The woman’s voice he didn’t recognize at all.
“Well, I’m glad of that, for both of you.”
Wait a minute. That wasn’t an actor. It was Dan. What would he be doing on a television show?
Before he could open his eyes, someone pried his right lid up, beamed a white light directly into his pupil, and peered at him through the opposite side of an ophthalmoscope. “Stop it.” He moaned, and tried to move away from the glare, still feeling he had a hot coal buried in there. But a burning sheet of pain snapped up the back of his head and stopped him.
Then he remembered what had happened.
“Something has abraded your cornea, Dr. Roper,” the woman said from somewhere beyond the glare, “and I don’t think it was my toenails – wait a minute. Sheriff Evans, can you hand me my medical bag?” She removed the ophthalmoscope, leaving him momentarily blinded, but he could hear her rummaging around for something.
“What the hell’s going on?” he mumbled, unable to make his mouth move properly.
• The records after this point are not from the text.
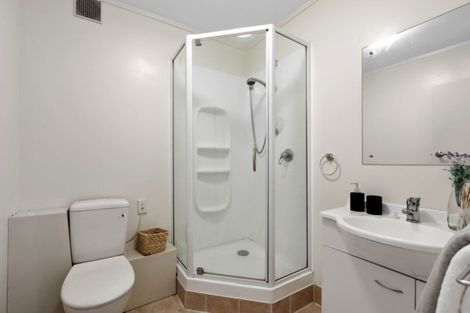 Photo of property in 4 Sudan Avenue, Milford, Auckland, 0620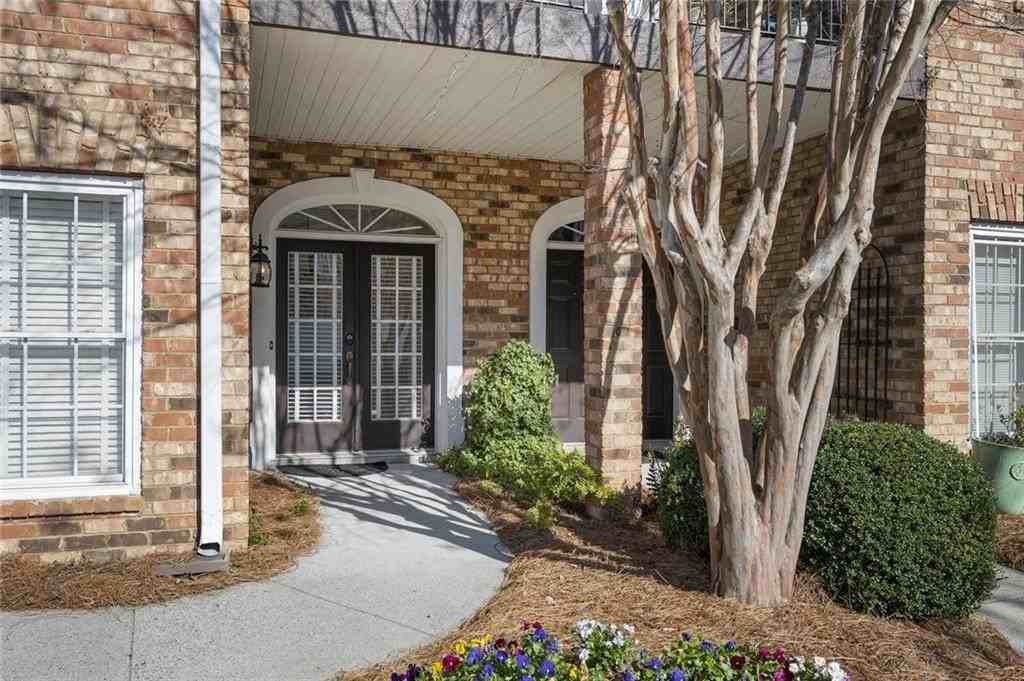 2603 Oglethorpe Cir Ne - Photo 2 of 47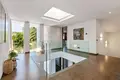 Villa 8 bedrooms 1 089 m² Benahavis, Spain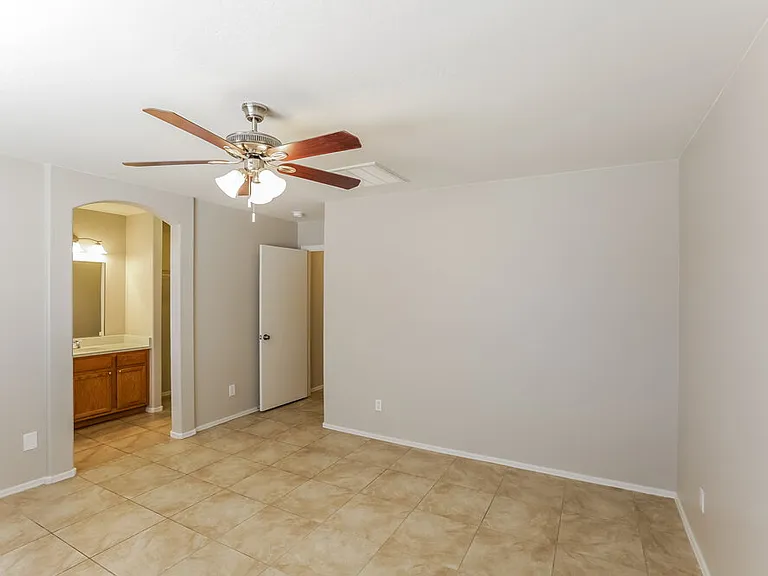 10632 W Sonora St — Photo 13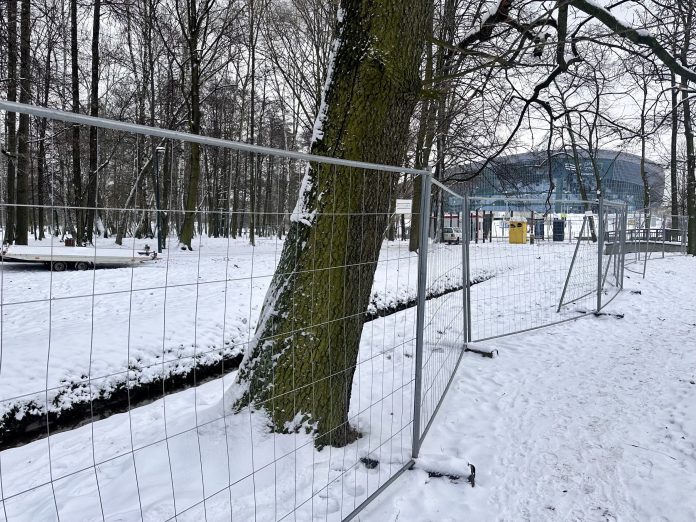 park chrobrego gliwice w tle Arena Gliwice płot w parku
“Hold my light, please, Sheriff,” she ordered, and brought a tiny pair of forceps into view.
“Now wait a second-”
“Don’t move, Doctor.”
Before he could reply the white glare of the scope floodlit his eyeball again, and her fingers pulled the lids even farther apart.
He winced at a slight stinging sensation, then it was over.
“There,” she said, suddenly releasing her grip and allowing him to retreat back into darkness.
The hot coal sensation had vanished. He still felt a slight burning, but found it tolerable.
She studied the tip of the tiny forceps in her hand. “You had a piece of glass stuck superficially in the conjunctival membrane. Luckily it wasn’t embedded in the cornea and came out easy enough. Here, press gently with this,” and she placed a gauze pad over the eye.
“Who are you?”
“Lucy O’Connor. I’m so sorry, but when you leapt into the room like that, I acted on reflex.”
He tried to get up, but another spasm shot up from between his shoulders to the top of his scalp and changed his mind. As he flopped back down, the hard surface made him realize that he was still on the floor. “Lucy who?” he asked between gritted teeth as his neck muscles uncoiled.